Der Kampf gegen die lähmende Angst

Von: Ginger Hebel

26. Juni 2018

Stephanie Leu leidet unter Hypochondrie. Sie hat Angst davor, schwer zu erkranken, und immer wieder Panikattacken.

Sie spürt, wie es ihr die Luft abschnürt. Ihr Körper zittert, das Herz rast, sie befürchtet, ohnmächtig zu werden und die Kontrolle über sich selbst zu verlieren. Wenn Stephanie Leu aus heiterem Himmel eine Panikattacke überfällt, hat sie Todesangst. In Momenten der Panik scheint das Leben um sie herum stillzustehen.

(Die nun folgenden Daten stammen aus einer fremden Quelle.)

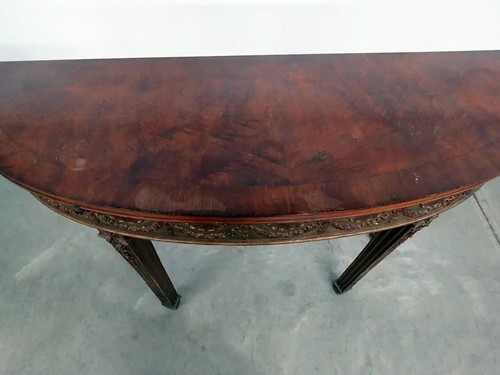 Adams Style Demilune Console Table - Picture 5 of 9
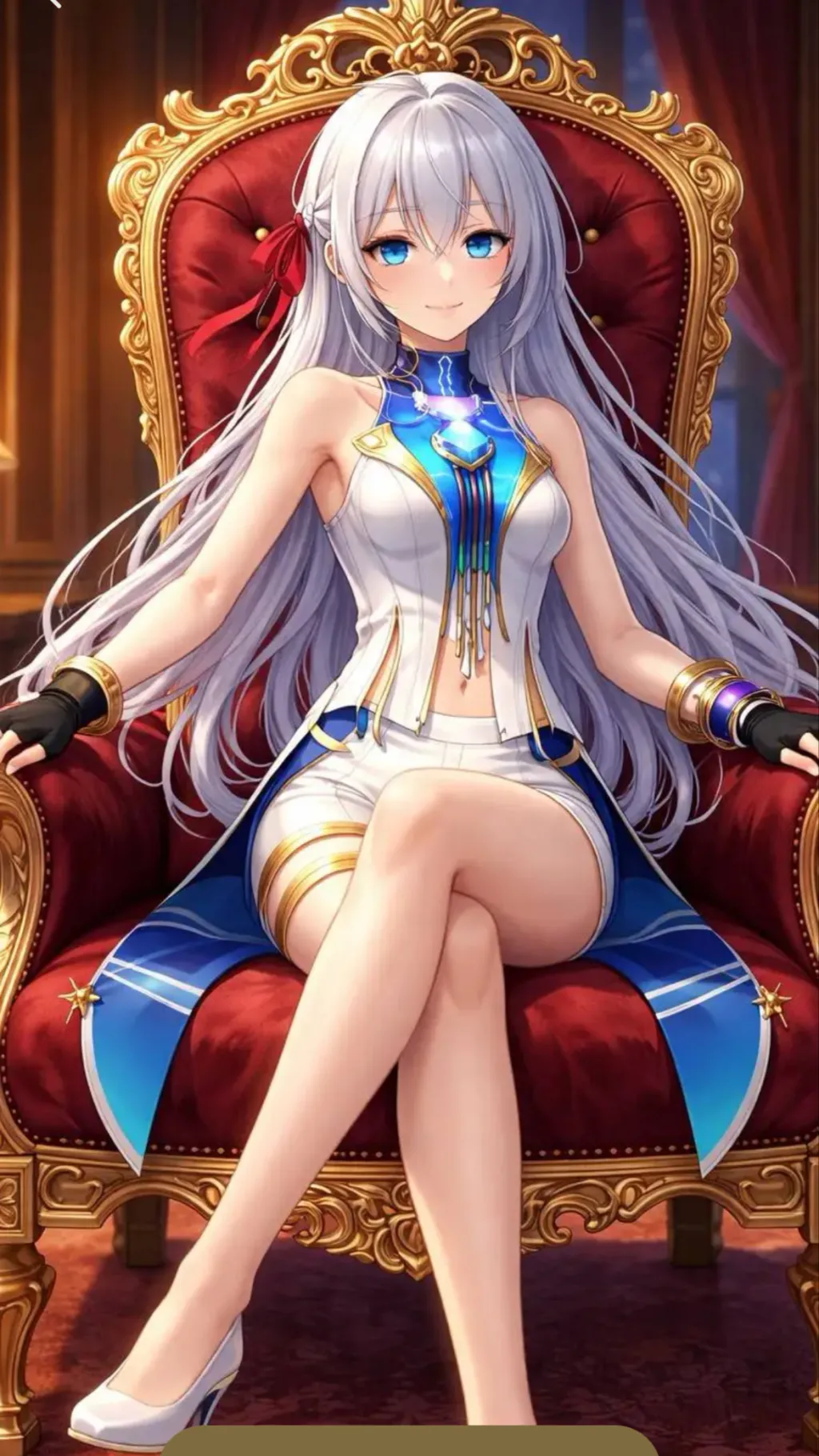 ai character: Queen Luna  background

Ob sie im Zug sitzt, im Bett liegt oder sich mitten im Getümmel befindet, die Angst trifft sie so unvermittelt wie ein Blitzschlag. Stephanie Leu versucht dann, sich selbst zu helfen. Sie verwickelt fremde Leute in ein Gespräch, um ihre Gedanken in andere Bahnen zu lenken. Sie ruft ihre Mutter an oder ihren Mann, bis die Panik verfliegt und sie wieder ruhig atmen kann.

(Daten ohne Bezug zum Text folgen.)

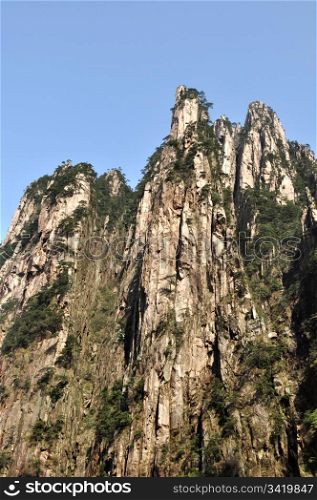 The famous Huangshan mountains in East China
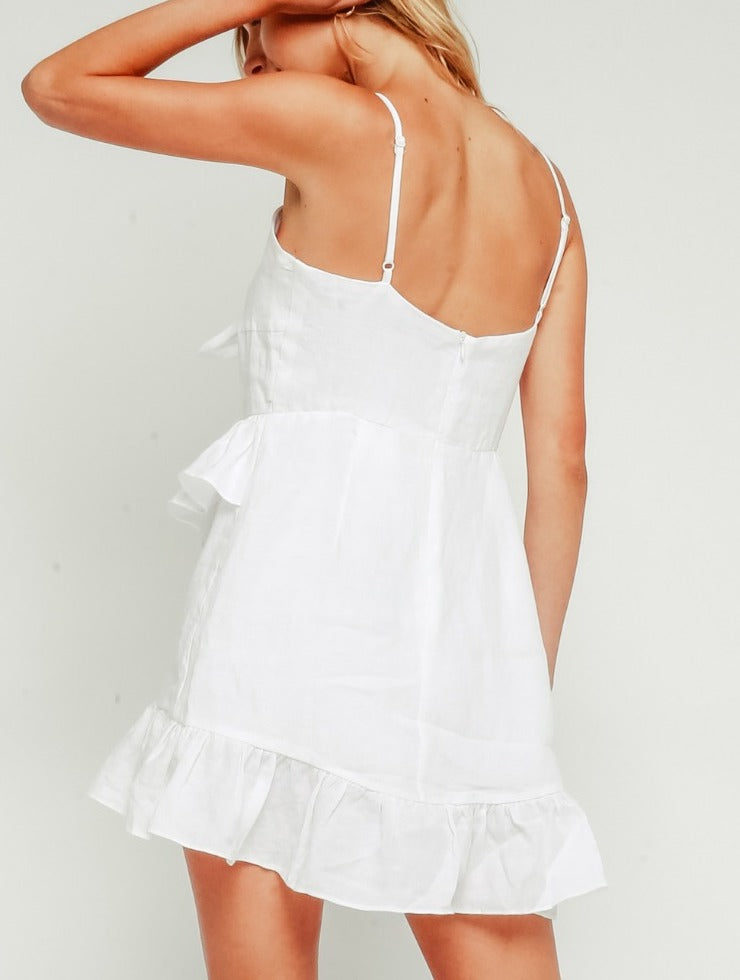 Ruffle Mini Dress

Seit früher Kindheit leidet sie an Hypochondrie. «Ich bilde mir täglich neue Krankheiten ein», gesteht die heute 36-Jährige. Als kleines Mädchen hatte sie Angst vor jedem blauen Fleck, den sie auf ihrem Körper entdeckte. Heute beherrscht die Angst, an Krebs zu erkranken, ihr Leben. Auch ihr Vater und ihr Grossvater sind Hypochonder. «Wenn sie eine Arztserie schauen, sind sie danach überzeugt, selber krank zu sein», erzählt Stephanie Leu.

Als Psycho abgestempelt

Die Mutter eines kleinen Jungen hat eine Ärzte-Odyssee hinter sich. Sie liess sich von Kopf bis Fuss durchleuchten, doch lange konnte ihr kein Arzt helfen. Denn Stephanie Leu ist körperlich gesund, sie leidet unter einer psychischen Störung. «Man sieht uns Angstpatienten die Krankheit nicht an, denn niemand kann wissen, was im Kopf vorgeht. Wir werden oft nicht ernst genommen und als Psycho abgestempelt.»

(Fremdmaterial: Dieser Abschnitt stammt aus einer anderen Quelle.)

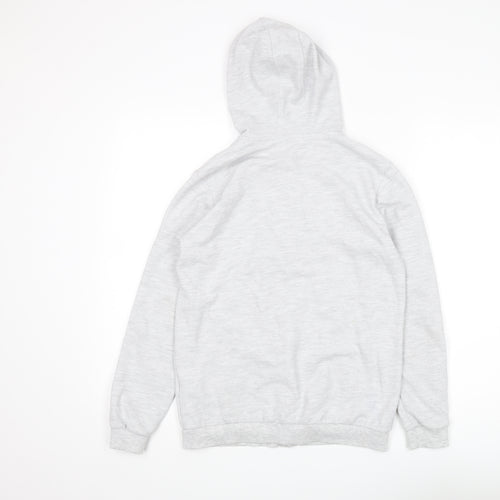 LC WAIKIKI Boys Grey Full Zip Hoodie, 11-12 Years, Casual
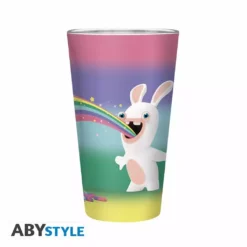 ABYstyle Lapins Cretins - Verre XXL 400 Ml - Arc En Ciel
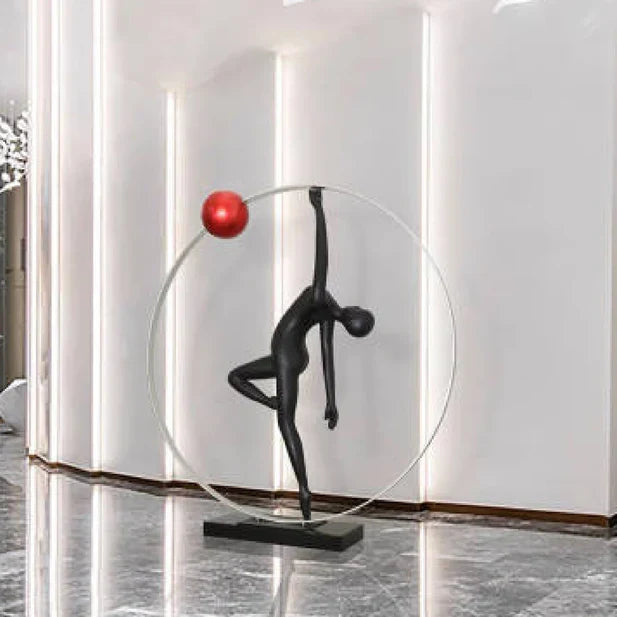 Rylight Chrome Ring Dancing Statue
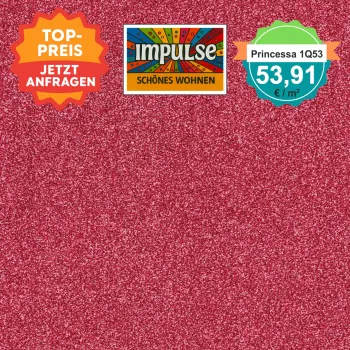 Vorwerk Teppichboden PRINCESSA 1Q53 rot – edler Polyamid-Velours für Wohnbereiche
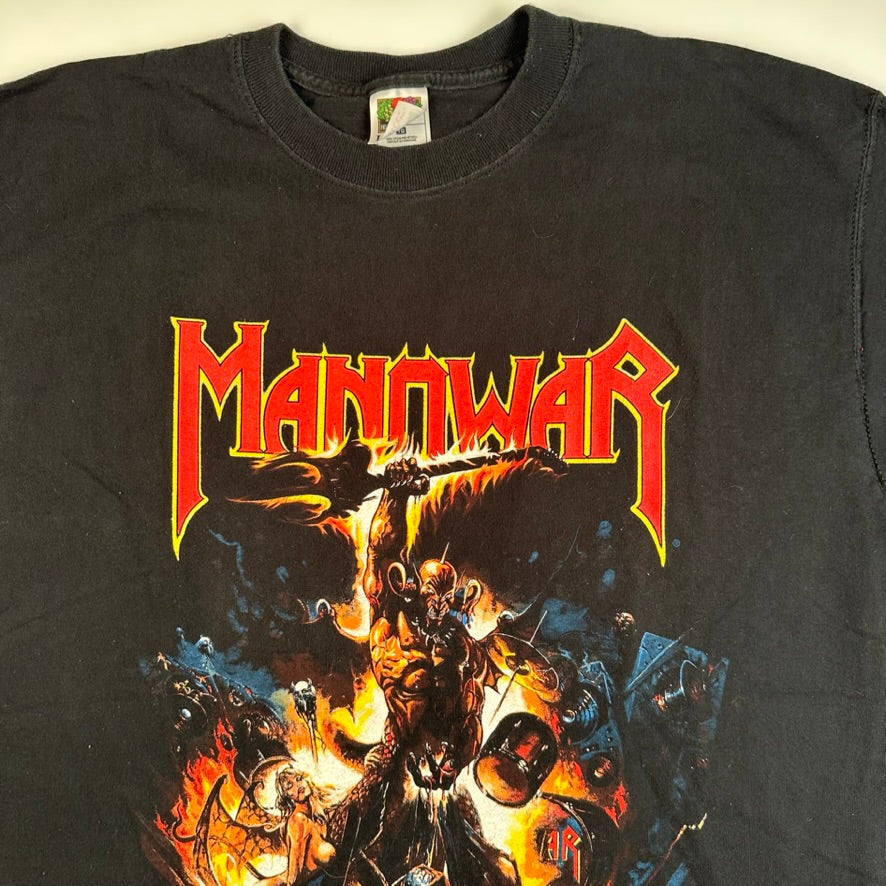 Vintage 2000 Manowar Shirt XL Hell On Stage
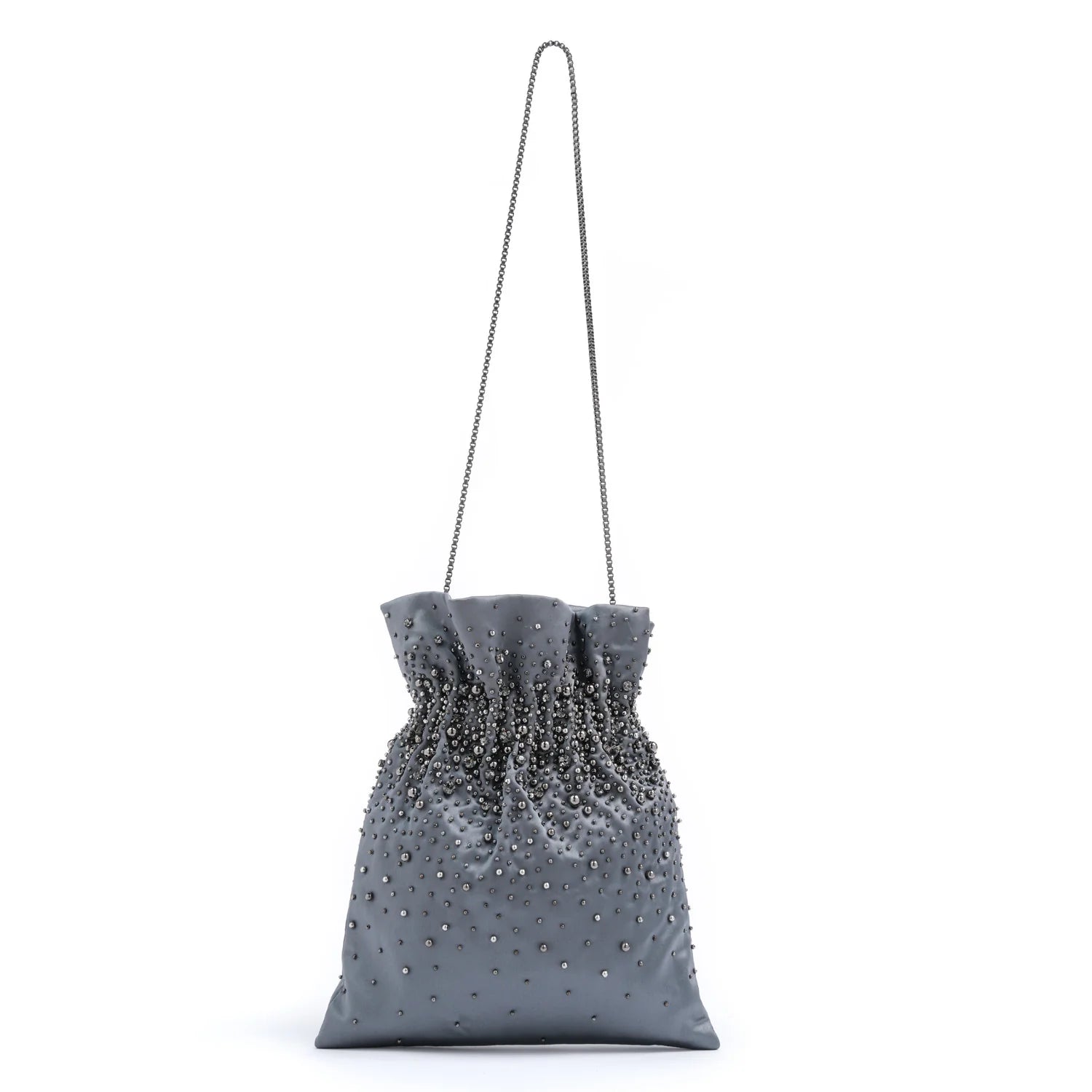 Cabochon Pochon Bag Silver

Man unterscheidet zwischen verschiedenen Formen von Angststörungen. Phobien – die Angst vor spezifischen Situationen oder Objekten wie Dunkelheit oder Spinnen; Sozialphobie – die Angst vor gesellschaftlichen Kontakten und Ablehnung; Zwangsstörungen – wie den Drang, sich immer die Hände zu waschen; Generalisierte Angststörung – übertriebene und andauernde Befürchtungen, welche die Betroffenen nicht kontrollieren können.

Angst, die Volkskrankheit

Die Angst begleitet Stephanie Leu wie ein Schatten. Manchmal jedoch, da scheint sie so fern wie ein Segelschiff, das am Horizont sichtbar ist. «Ablenkung hilft mir», sagt Stephanie Leu. Sie arbeitet als Betriebsleiterin und als Korporal bei der Feuerwehr und engagiert sich für die Angst- und Panikhilfe Schweiz. «Angst ist eine Volkskrankheit. Viele schweigen darüber, doch wer nicht darüber spricht, zieht sich immer mehr zurück, bis er depressiv wird.»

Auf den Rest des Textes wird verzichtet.